Para el final de este comentario hemos dejado el acercamiento a la mayor baza triunfal que barajaron los creadores. Muy pocas veces se había reunido en un filme cubano a tantos actores de importancia, de tan diversas procedencias y estilos, todos imbuidos del más generoso propósito que puede asistir a un actor: desaparecer completamente detrás de su personaje. Tal milagro fue posible, creo yo, gracias a que por ejemplo Amparo y Santos; Magalis, su padre e Ignacio; El Chino, su padre y Vivian, fueron diseñados a partir de las posibilidades reales, de las experiencias reales y la personalidad individual de los intérpretes elegidos para encarnarlos. Es decir que Adela Legrá, Rafael Lahera, Luisa María Jiménez, Enrique Molina, Mario Limonta, Jorge Perugorría, Manuel Porto e Isabel Santos interpretan vivencias propias, o muy cercanas a su cotidianidad y conocimiento. No estoy cuestionando la versatilidad o la capacidad de desdoblamiento de ninguno de ellos. Tampoco niego sus capacidades para vivir existencias ajenas. Más bien quiero insistir en el milagro de sinceridad y pureza que construyeron entre todos, sin poses ni máscaras, apostando a traducir con miradas, gestos, y modulaciones, los conflictos internos de los personajes, y a representar de manera vívida sus contradicciones sicológicas y determinantes sociales. Ninguno de ellos simularon determinadas reacciones, sino que más bien creyeron desde las entrañas en la situación dramática propuesta, y se expusieron a los estímulos para reaccionar orgánicamente ante ellos. En otras palabras: los actores mencionados (y otros, entre los que sería muy injusto no incluir a Broselianda Hernández, cuyo brevísimo desempeño parece bendecido y ungido por el dios de los histriones) consiguen el milagro de la verosimilitud contenida y del énfasis plausible, ambos conjurados para poner en pantalla la vastedad de las emociones, intenciones y reacciones humanas que el filme elucida. Se confirma Humberto Solás como el mejor director de actores con que cuenta nuestro cine, una vez que sabe solicitar, y conseguir de ellos, el ejercicio de la profesión acorde con el tono, el estilo y el género planteados, partiendo siempre del tremendo cariño que evidentemente sintieron, el realizador, los guionistas, los intérpretes y demás creadores del filme, por esas criaturas concebidas a fuerza de comprensión y entrega.

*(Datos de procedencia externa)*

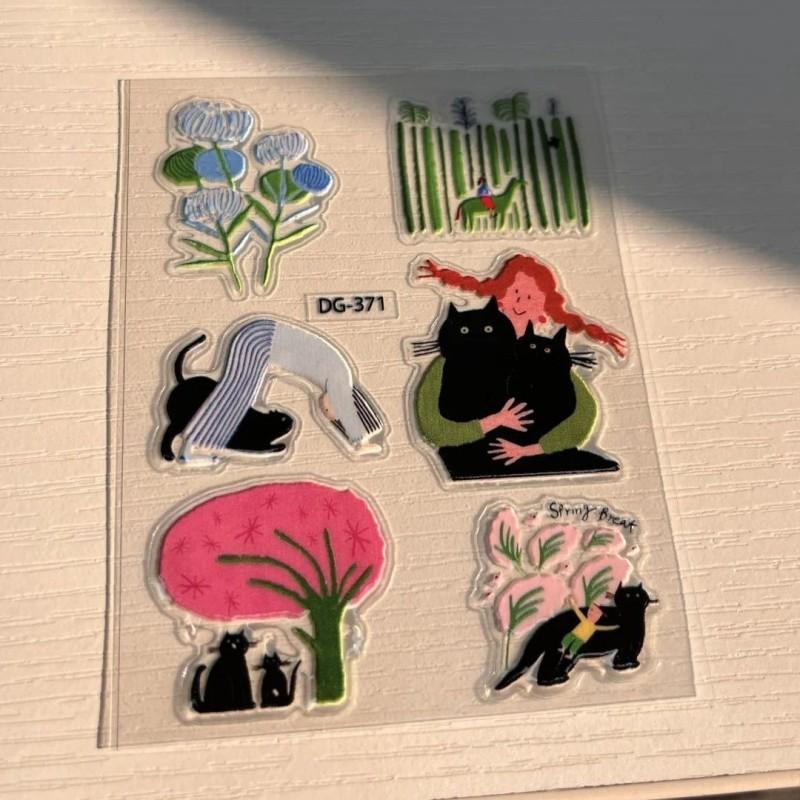 Ins Cartoon Cat Stickers 3D Relief Decal Decorative Kawaii Stickers Laptop Mobile Phone Case Diy Decals Party Favor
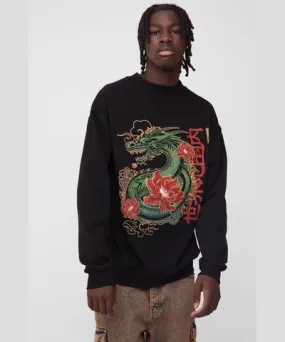 boohooMAN Mens Oversized Worldwide Dragon Graphic Sweatshirt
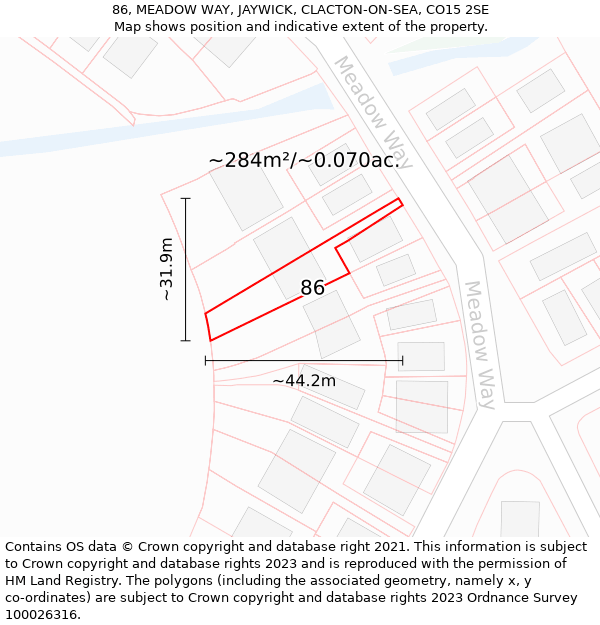 86, MEADOW WAY, JAYWICK, CLACTON-ON-SEA, CO15 2SE: Plot and title map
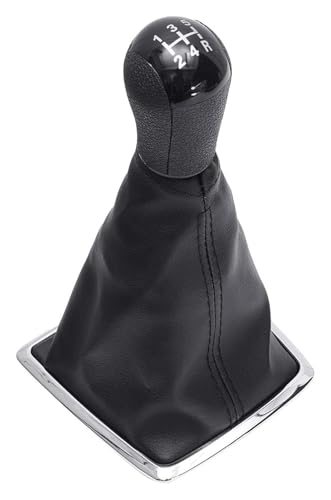 ELCEAMMDLW Schalthebel Auto Kompatibel mit Ford Kompatibel mit Focus 2 MK II 2005-2011 5 Gang Schaltgetriebe Schaltknauf PU Leder Gamasche Boot Cover(Black) von ELCEAMMDLW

Eso es Barrio Cuba más que ninguna otra cosa: los lamentos del suburbio, un acto de exorcismo, de comunión, de lealtad y franqueza inveteradas, épica del heroísmo cotidiano, trance a la redención de gente dispuesta a peregrinar por todas las estancias de la tribulación, los excesos y el agobio. Que para reír hay otras (muchas) películas cubanas.